Religious Taoism Traditions • Two traditions • Religious Taoism follows two main traditions. Each has a clear hierarchical and well-organised structure with special headquarters, rules, guidelines, ordination rites and registration procedures. • The celestial masters (Tianshi or Zhengyi) - Temple Daoism are centred in Taiwan. The monastic branch of the Complete Perfection School (Quanzhen) has its headquarters in Beijing. • The Complete Perfection School ordains people and provides monastic communities as a focus for Taoist practice and rituals.
Taoist priests • Taoist priests undergo long and intense training to acquire the necessary skills. • They must study music, liturgy and ritual, as well as meditation and other physical practices • They must learn Taoist theology and the spiritual hierarchy of the Taoist deities. • During this training they are required to live highly disciplined lives.

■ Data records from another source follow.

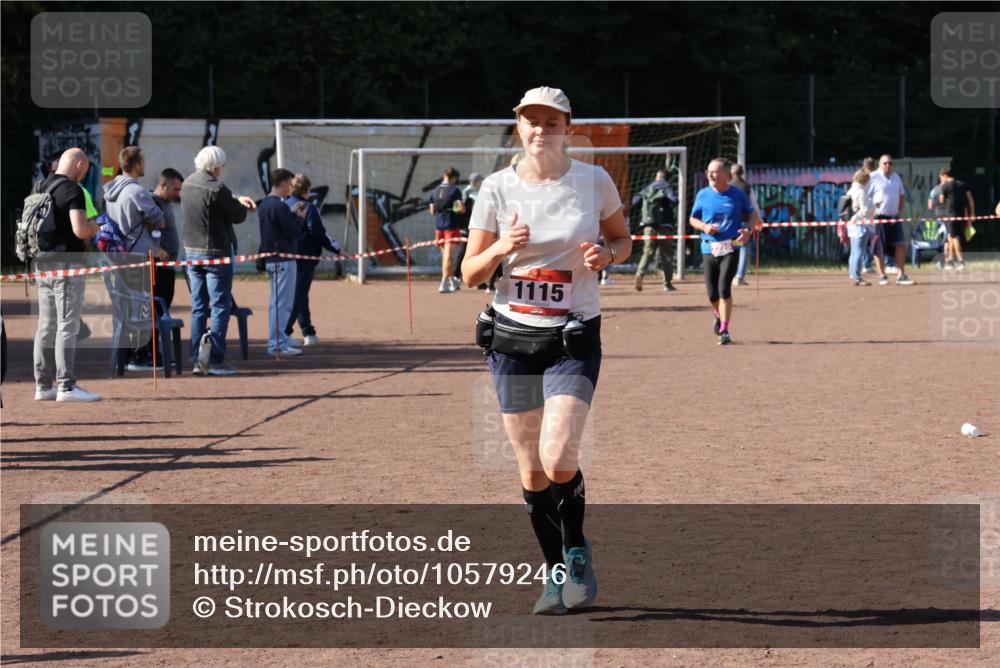 27.09.2026 - 35. Volkslauf durch das schöne Alstertal Strokosch-Dieckow http://msf.ph/oto/10579246 27.09.2026 12:48:25 Ziel 1115 meine-sportfotos.de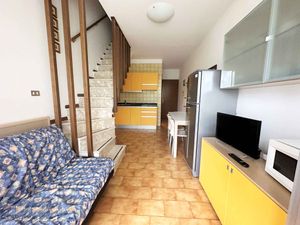 23771575-Ferienwohnung-4-Bibione-300x225-3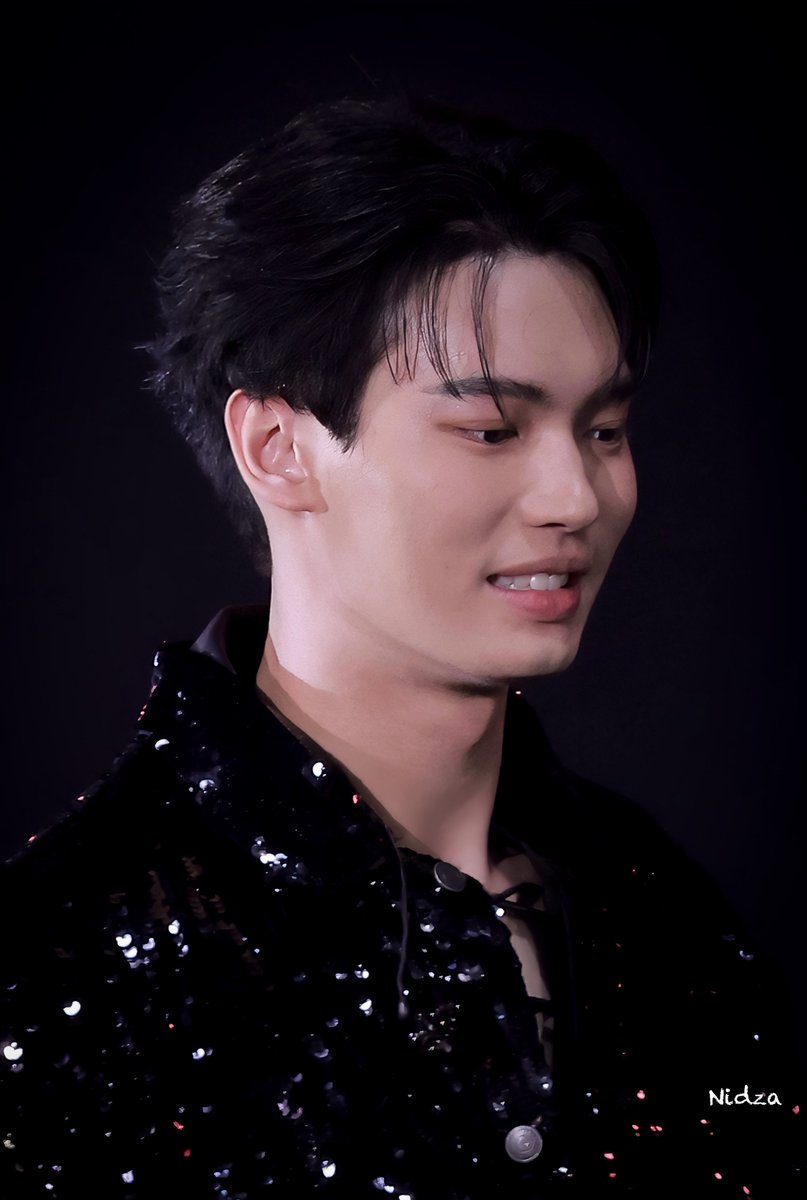 NIDZA7822's tweet photo. หล่อสับๆๆฉบับวินเม  🤔🐰

#ViuScreamDatesxBWDN 
#winmetawin @winmetawin 
#snowballpower https://t.co/zdzHIbU04B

Religious Texts Tao Te Ching • The key book of Taoism was compiled around the 3rd century BCE. It's called the Tao Te Ching (Dao De Jing or Daode Jing) - The Way and Its Power, and is also known as the Lao-tzu. • This short book of around 5,000 Chinese characters is divided into 81 brief chapters filled with short, enigmatic paragraphs of advice on life, and poetic descriptions of the nature of the universe. • Taoists regard the Tao Te Ching as the essential guide to living a full spiritual and ethical life. • No one person wrote the Tao Te Ching. Although elementary textbooks usually say it was written by Lao Tzu (Laozi) this is untrue. The book is probably a collection of the proverbs and sayings of many anonymous people over a long period of time.
Chuang-tzu • Another important book is the Chuang-tzu. Although this was published after the Tao Te Ching, its compilation began earlier. Like the Tao Te Ching, although it is attributed to a man named Chuang Tzu (Zhuangzi), it is a collection of the wisdom of many different people. • The thinking that led to the Tao Te Ching was probably influenced by an older book called the Neiyeh. This includes early writings on some key Taoist ideas, particularly ch'i, although some of the ideas differ from their later Taoist form.